- _WHAT IS NEEDED_
From the line containing "Wewoo Housse Coque" through the last line of the entries below, print each line exactly. Pictures stay out.

BEGIN SOURCE DATA

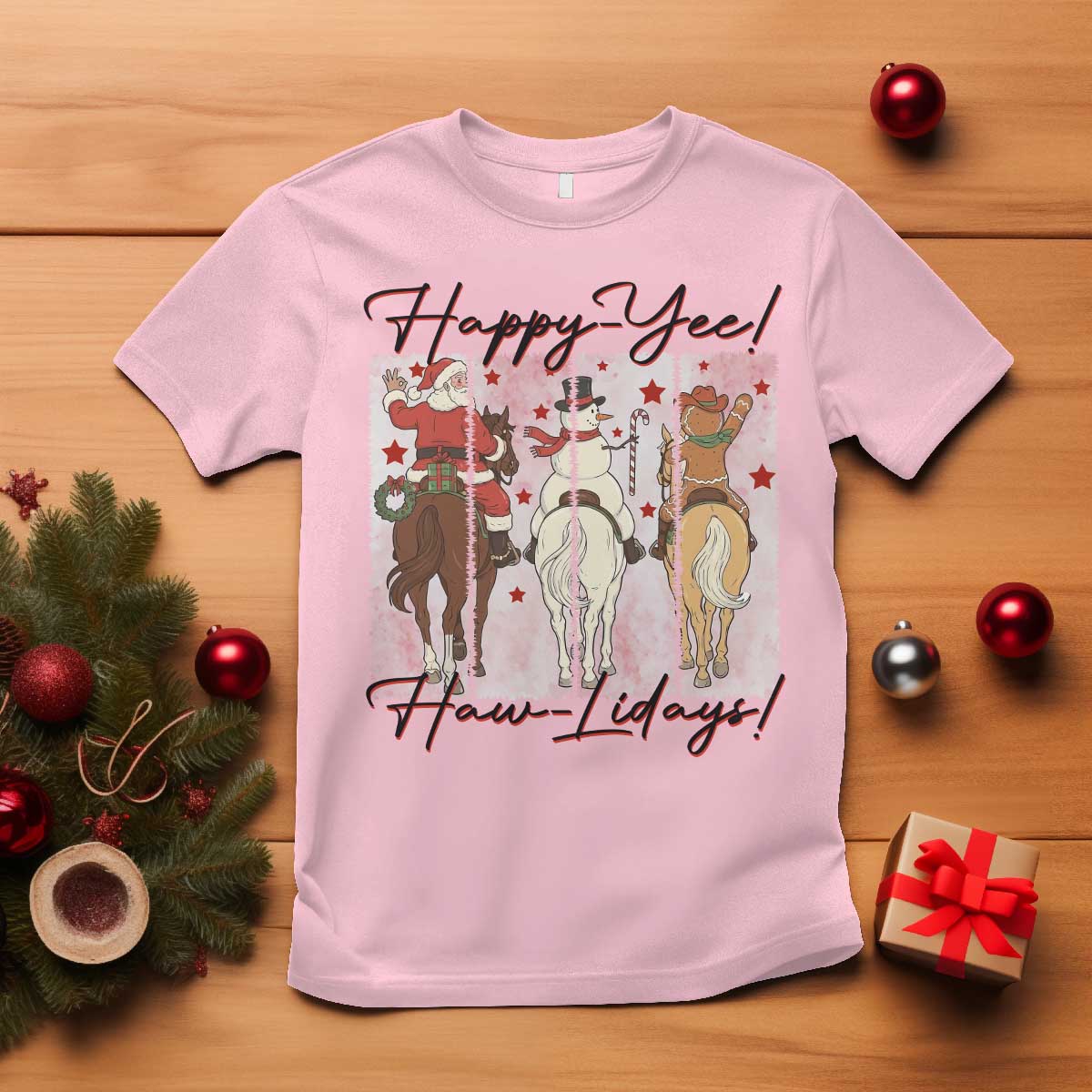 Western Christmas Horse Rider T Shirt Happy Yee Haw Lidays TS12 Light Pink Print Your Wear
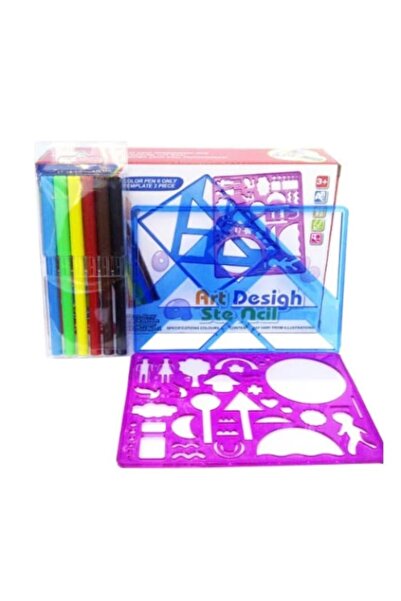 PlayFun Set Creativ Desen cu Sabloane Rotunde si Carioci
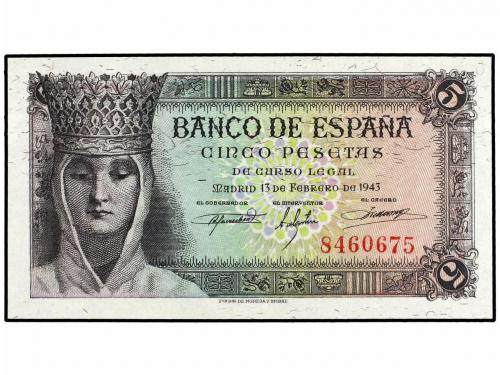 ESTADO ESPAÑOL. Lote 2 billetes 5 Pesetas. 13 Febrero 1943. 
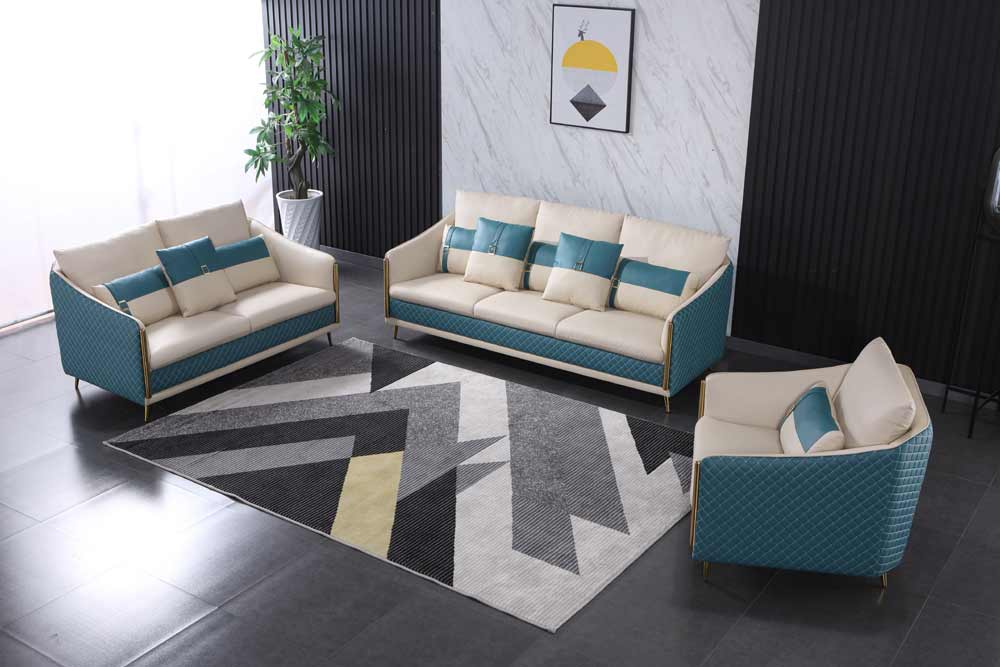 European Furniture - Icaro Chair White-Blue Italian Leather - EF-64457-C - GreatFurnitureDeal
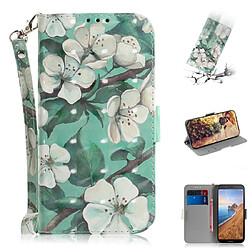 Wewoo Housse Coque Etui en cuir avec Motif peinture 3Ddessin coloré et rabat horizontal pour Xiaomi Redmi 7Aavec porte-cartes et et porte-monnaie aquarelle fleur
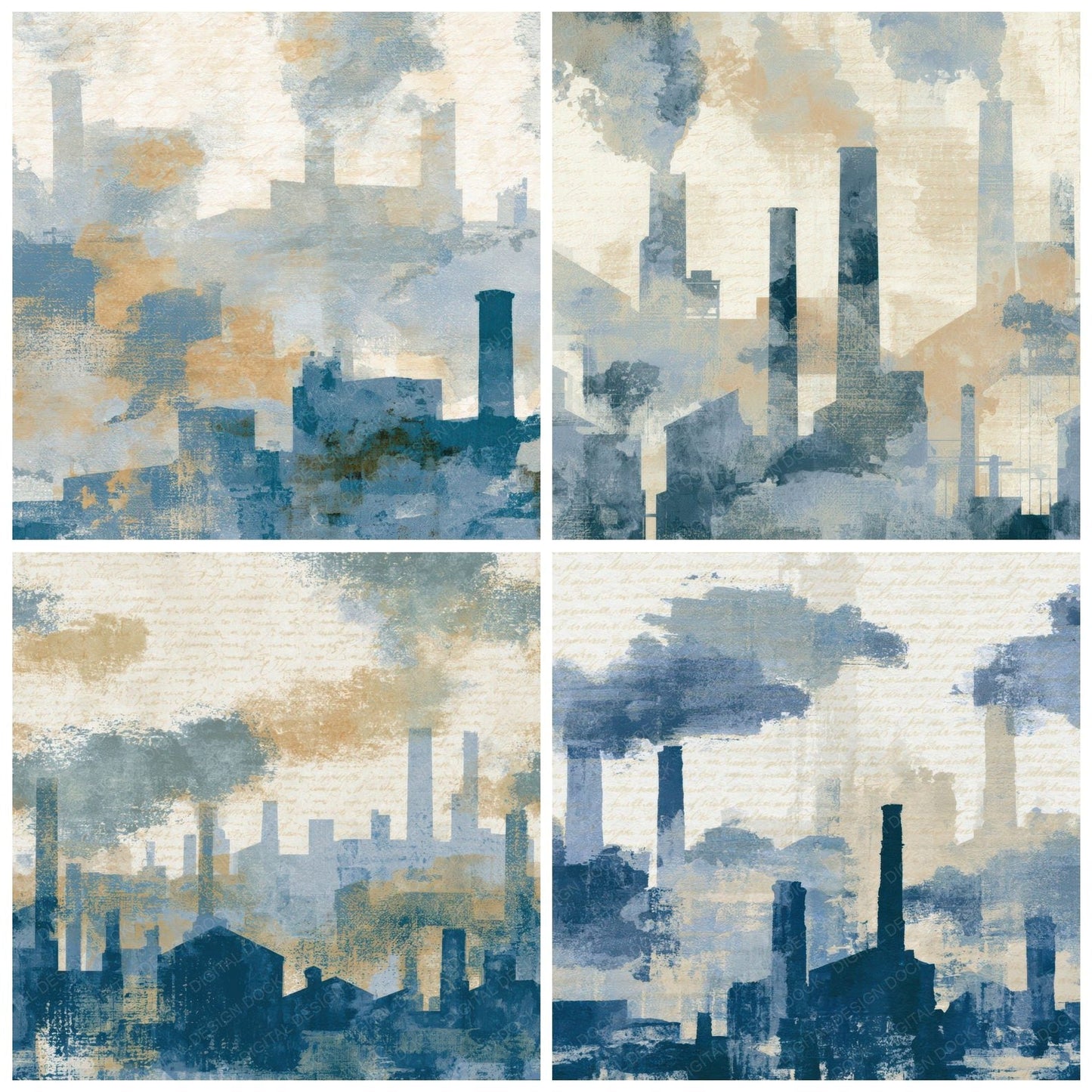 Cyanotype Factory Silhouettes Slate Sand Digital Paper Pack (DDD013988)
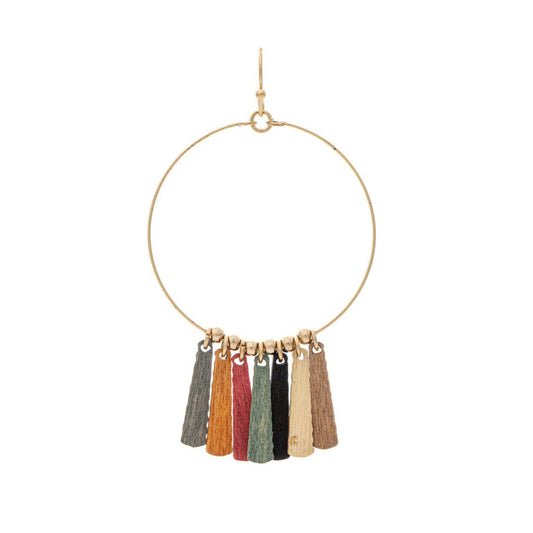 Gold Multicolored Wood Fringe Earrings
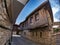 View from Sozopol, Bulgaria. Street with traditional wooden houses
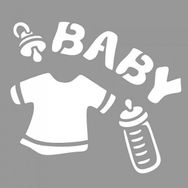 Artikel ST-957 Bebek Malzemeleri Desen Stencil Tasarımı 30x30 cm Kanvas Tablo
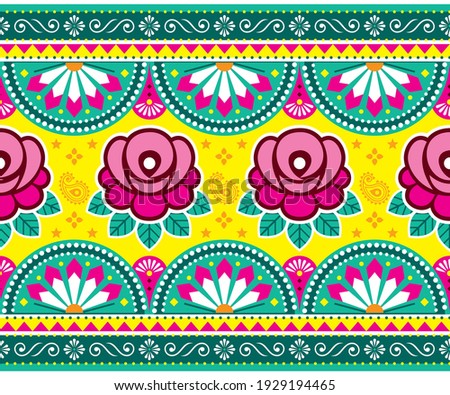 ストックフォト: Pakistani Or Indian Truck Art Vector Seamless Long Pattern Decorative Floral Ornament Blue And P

END SOURCE DATA

- _EXPECTED ANSWER_
 Wewoo Housse Coque Etui en cuir avec Motif peinture 3Ddessin coloré et rabat horizontal pour Xiaomi Redmi 7Aavec porte-cartes et et porte-monnaie aquarelle fleur
 Cyanotype Factory Silhouettes Slate Sand Digital Paper Pack (DDD013988)
 Gold Multicolored Wood Fringe Earrings
 View from Sozopol, Bulgaria. Street with traditional wooden houses
 Artikel ST-957 Bebek Malzemeleri Desen Stencil Tasarımı 30x30 cm Kanvas Tablo
 ストックフォト: Pakistani Or Indian Truck Art Vector Seamless Long Pattern Decorative Floral Ornament Blue And P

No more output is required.